Thursday, October 23, 2008

How to Eat a Wasp

The young tanager from the previous post made a short flight to the birch next to my studio window, where he captured an insect. Ooh, what's he got?
Could it be? Is it a paper wasp? Eeek!
Durn tootin'. It's a wasp. Yikes. Notice how he's holding it? By the bidness end. And he's biting it for all he's worth.
The crushing power of a tanager bill is considerable. I'm sure he disabled the stinger the moment he grabbed it. That's one of the benefits of having hard lips. Sometimes I think how cool it would be to have a beak. You could open bottles and cans, pre-drill holes, remove tags, henpeck your husband when he needed it.
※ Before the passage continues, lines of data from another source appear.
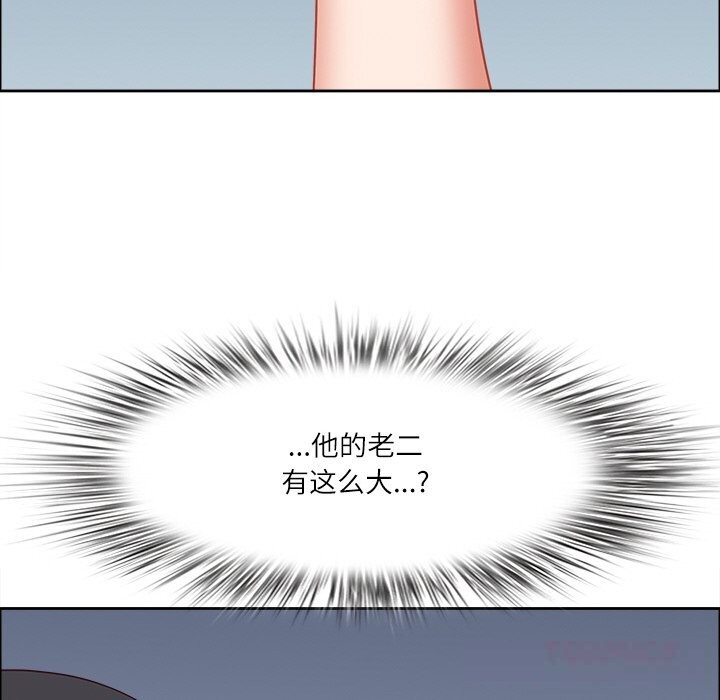 《最強男人》漫画 第30話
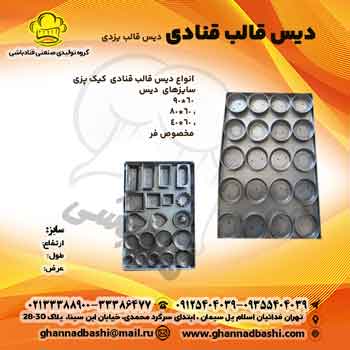 برشوردیس-قالب-یزدی-ویرایش خرید قالب دیس کیک قنادباشی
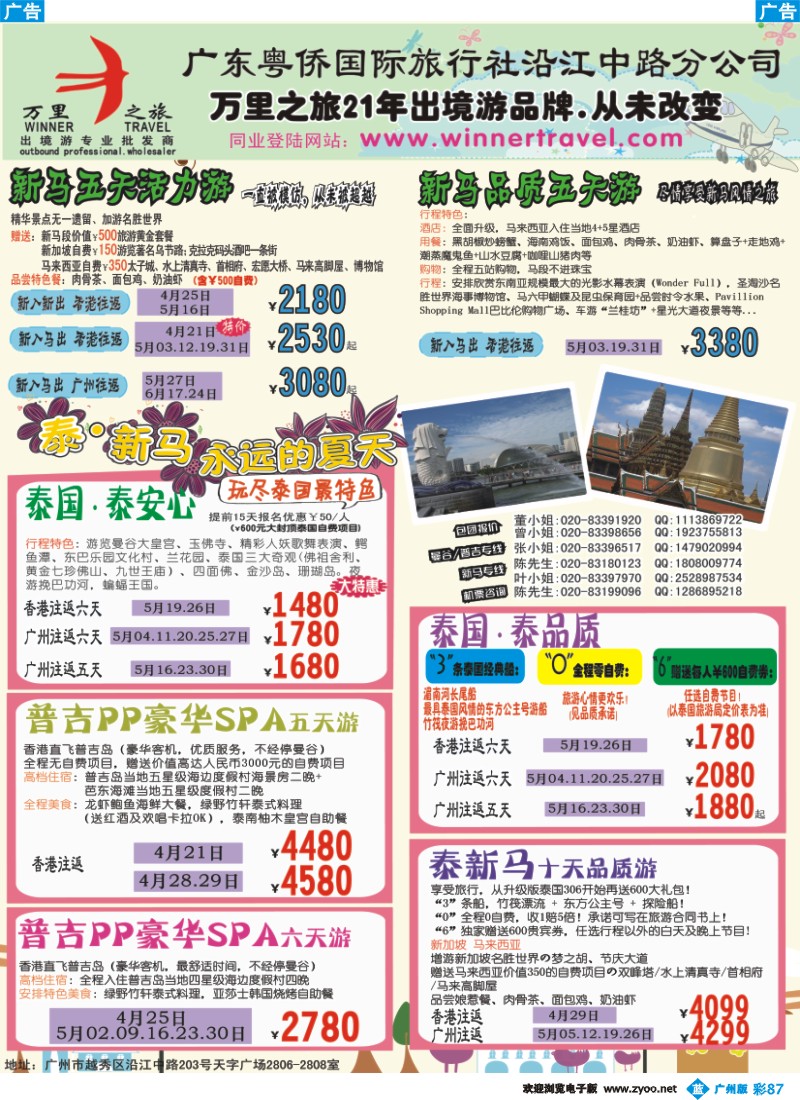 彩b087 万里之旅--东南亚4-5月同业计划（刊登地区：华南国际，湖南，湖北版）-01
Even more mastication of the abdomen.
Only when the abdomen was thoroughly crushed did the bird move on to processing the thorax and head.
This is the last shot before he swallowed his catch. Look how he's got the wasp's abdomen all mooshed out.

Tanagers as a genus are well-adapted to feeding on bees and wasps. In fact, most Augusts see a young male summer tanager or two, perched on one of our high backyard snags, leaping up and catching yellowjackets and wasps as they sail by. They'll repair back to the snag to bite and hammer the bug into stingless submission before swallowing it down. I have a friend in Connecticut who had a summer tanager spend most of the winter in his Old Lyme backyard, nailing honeybees as they emerged from the hive for a look around. Those bees kept the tanager going through quite a bit of cold and snow. Hank was glad to donate to the redbird's cause.

And that is what I know about tanagers and Hymenopterae.